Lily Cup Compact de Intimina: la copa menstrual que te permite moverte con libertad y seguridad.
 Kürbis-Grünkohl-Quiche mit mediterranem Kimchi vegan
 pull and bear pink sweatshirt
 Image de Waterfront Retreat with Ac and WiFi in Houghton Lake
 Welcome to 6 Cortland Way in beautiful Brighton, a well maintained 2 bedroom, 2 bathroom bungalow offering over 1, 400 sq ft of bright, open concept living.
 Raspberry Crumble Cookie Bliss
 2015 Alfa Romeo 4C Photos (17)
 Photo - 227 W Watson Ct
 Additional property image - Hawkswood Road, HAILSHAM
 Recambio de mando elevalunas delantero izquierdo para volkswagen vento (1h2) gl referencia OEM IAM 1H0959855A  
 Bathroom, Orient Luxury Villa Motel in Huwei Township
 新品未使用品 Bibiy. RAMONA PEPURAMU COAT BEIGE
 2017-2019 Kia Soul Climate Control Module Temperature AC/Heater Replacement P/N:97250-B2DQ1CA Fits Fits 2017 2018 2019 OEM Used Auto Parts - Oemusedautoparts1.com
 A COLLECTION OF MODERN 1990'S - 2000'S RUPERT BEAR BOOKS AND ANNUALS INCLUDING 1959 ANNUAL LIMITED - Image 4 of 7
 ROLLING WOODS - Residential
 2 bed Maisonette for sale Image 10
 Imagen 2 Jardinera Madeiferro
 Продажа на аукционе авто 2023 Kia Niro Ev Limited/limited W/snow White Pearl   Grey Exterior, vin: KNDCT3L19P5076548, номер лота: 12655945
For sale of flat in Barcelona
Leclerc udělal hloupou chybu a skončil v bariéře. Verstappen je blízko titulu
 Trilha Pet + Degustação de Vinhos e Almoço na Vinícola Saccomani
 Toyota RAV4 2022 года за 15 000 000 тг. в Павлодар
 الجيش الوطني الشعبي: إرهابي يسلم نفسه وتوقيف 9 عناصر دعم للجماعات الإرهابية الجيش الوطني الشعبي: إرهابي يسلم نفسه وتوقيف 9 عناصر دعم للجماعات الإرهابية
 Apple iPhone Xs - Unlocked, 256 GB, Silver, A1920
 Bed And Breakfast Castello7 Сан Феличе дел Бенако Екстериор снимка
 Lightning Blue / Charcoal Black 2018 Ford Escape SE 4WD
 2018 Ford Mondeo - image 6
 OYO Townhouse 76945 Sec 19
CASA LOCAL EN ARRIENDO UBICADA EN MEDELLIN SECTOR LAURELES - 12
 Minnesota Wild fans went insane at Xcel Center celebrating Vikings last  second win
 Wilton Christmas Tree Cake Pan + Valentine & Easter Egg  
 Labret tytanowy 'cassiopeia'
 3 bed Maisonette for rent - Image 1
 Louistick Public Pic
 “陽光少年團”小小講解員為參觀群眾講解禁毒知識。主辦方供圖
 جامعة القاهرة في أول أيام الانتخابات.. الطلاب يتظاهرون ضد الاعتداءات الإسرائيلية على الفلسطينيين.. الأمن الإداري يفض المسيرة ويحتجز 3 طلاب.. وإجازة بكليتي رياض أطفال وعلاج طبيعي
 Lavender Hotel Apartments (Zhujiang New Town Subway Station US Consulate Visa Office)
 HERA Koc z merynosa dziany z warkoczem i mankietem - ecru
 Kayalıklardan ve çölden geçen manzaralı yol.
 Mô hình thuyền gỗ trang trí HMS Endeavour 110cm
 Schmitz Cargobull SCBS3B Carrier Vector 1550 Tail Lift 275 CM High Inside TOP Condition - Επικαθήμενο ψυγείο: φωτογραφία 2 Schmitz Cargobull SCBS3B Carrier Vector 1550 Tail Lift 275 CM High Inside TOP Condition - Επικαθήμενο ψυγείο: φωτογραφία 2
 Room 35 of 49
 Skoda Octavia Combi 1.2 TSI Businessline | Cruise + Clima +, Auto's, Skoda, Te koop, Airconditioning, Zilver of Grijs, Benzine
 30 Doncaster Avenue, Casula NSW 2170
* * * * * * *
PROBLEM
Read the entries and pick out all lines that include the word "Maisonette".

ANSWER BELOW
 2 bed Maisonette for sale Image 10
 3 bed Maisonette for rent - Image 1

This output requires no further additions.